The zombies couldn’t have made a more obvious path with a road grader. This sloppiness was the reason the Araneum wanted them exterminated.
Footprints and drag marks continued off the riverbank to the water’s edge. The river lapped back and forth and obliterated the tracks in the sand close to the water.
I surveyed the opposite bank. The trees were set back about a hundred feet so the ground was more open. Where did the zombies go?
The river flowed over rocks and the eddies curled around submerged sandbars. Phaedra caught me studying the water.
“You’re thinking of crossing?”
“Depends. How deep is the water?”
“That’s not a good idea,” she said. “The current can be pretty fast and suck you under. You could drown.”
No, I couldn’t. There was a lot I hadn’t told her about vampires.
“Any ideas?”
She used her index finger to note a path across the river. “If you insist, try that line of rocks. The water’s knee-deep at the most.”
I stepped off the bank. Icy water filled my shoes.
Phaedra held my arm. “Careful.”
I’ve been dunked in the Missouri River and crawled out. Compared to that river, this was a trickle.
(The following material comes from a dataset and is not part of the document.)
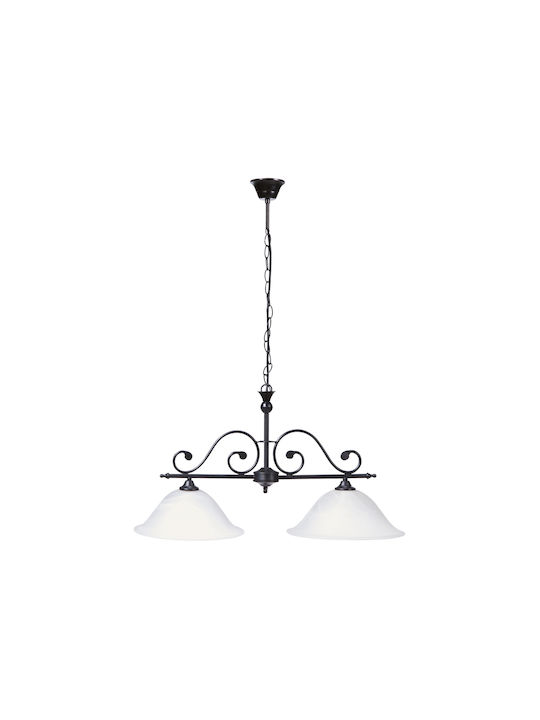 Rabalux Pendant Light Two-Light for Socket E27 Black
I told her I’d be okay and would return shortly. I picked my way along the rocks and across a sandbar. The water lashed about my shins.
Once on the other side, I walked along the water’s edge. I searched the sand and river rocks for the trail.
If the zombies carried heavy, awkward loads, the strong current would have worked against them. Sure enough, a hundred feet downstream, I found a confusion of prints. Some of the feet had dug into the sand, like they’d been struggling to haul something from the water. The footprints became an orderly procession away from the riverbank. Broken grass and a string of maroon dots pointed south in the direction the zombies had fled.